"Keep your eyes open for our friends, Manuel," were the parting words of Ronie.
"Trust me for that, señor, and may you live to come back with the welcome word that Caracas is once more safe from the spoils of the mercenary knaves that flock to the mountain savage."
Murmuring an unintelligible reply to this, the couple then urged their ponies forward, and a moment later were starting side by side upon the first stage of a ride through a country overrun with hostile armies and dangers which they had not stopped to contemplate.
CHAPTER XII.
A LONELY RIDE.
Ronie and Jack were crossing the vast plain which extends westward and southward along the shore of Lake Maracaibo, upon the border of which stands that beautiful city by the same name, and which is the capital of the State of Zulia. The climate of this region is warm, but cooled by the lake breezes, as well as by the breath of old ocean, it becomes very enjoyable. Thus they rode on under conditions that must have been pleasant had it not been for the shadows of war which overhung every step of their journey.
The road, if the trampled path at places overgrown with rank vegetation, and at others smooth and bare as an open floor, deserved the dignity of the name, soon after leaving the sand belt of the coast, wound across broad fields of sugar cane, indigo and tobacco, or through great plantations given over to the cultivation of cacao trees, which yield those luscious beans that have been described as affording food for gods. These trees to flourish well have to be protected by some taller species of tree, and for this purpose the tall, over-arching Erithynas is raised, giving the scene the appearance at a distance of being a huge forest, rather than a cultivated field.

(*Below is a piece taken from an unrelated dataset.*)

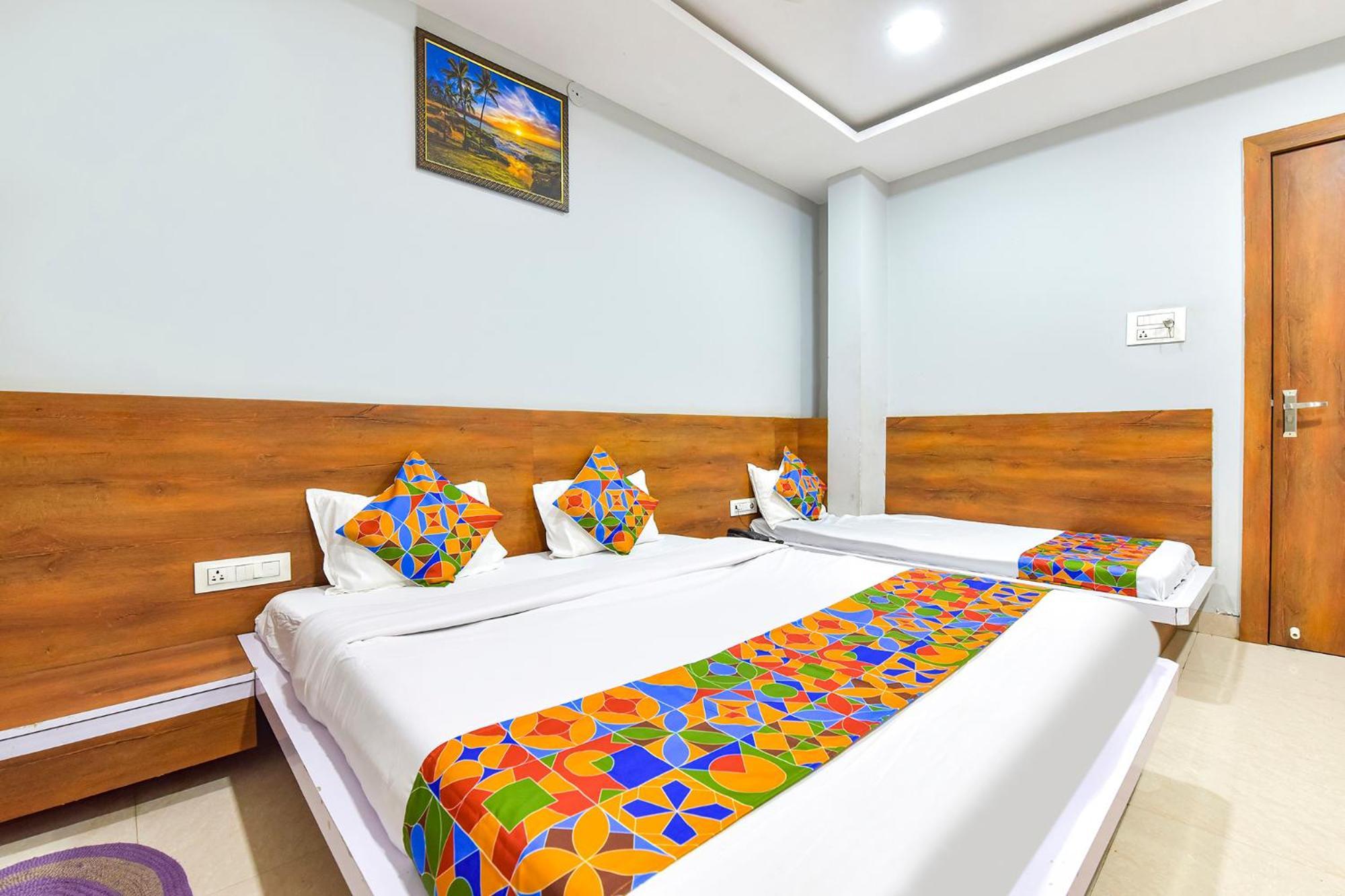 Fabhotel Raghumani Palace Уджайн Екстериор снимка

Frequently the progress of our heroes was checked, if not quite stopped, by growths of weeds which had sprung up on deserted plantations. In Venezuela land is so cheap that it is more advantageous to abandon a tract of land when it becomes worn out by cultivation, and clear a new territory, than it is to reclaim the old. The latter thus soon becomes a forest of weeds, which, insignificant at first, soon develop into trees with branches, so that by the second season these overtop the head of a man on horseback. These huge tree-weeds afford support for dense masses of creepers, among which Ronie noticed the convolvulus, begonias and passion flowers. These at places hung their flowering heads so as to form graceful festoons, or anon lifted them proudly to the breeze, forming picturesque bowers and floral archways.

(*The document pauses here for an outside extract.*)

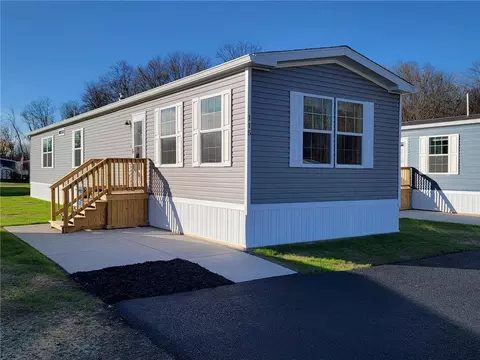 115 Briarwood Dr, Brutus, NY 13166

If displaying beauty and magnificence in their bountiful offerings, these jungles were anything but pleasant paths to follow, and it required skillful management on the part of the rider to save himself from being pulled from his seat, or escape that fate he might expect at the hands of the hangman. The native riders show wonderful ability to run these gantlets, which the newcomer must naturally lack. Now hanging by one leg down the side of his horse, or stretching himself along its back, he would escape the blows a novice would be sure to receive while continuing his flight with speed scarcely abated.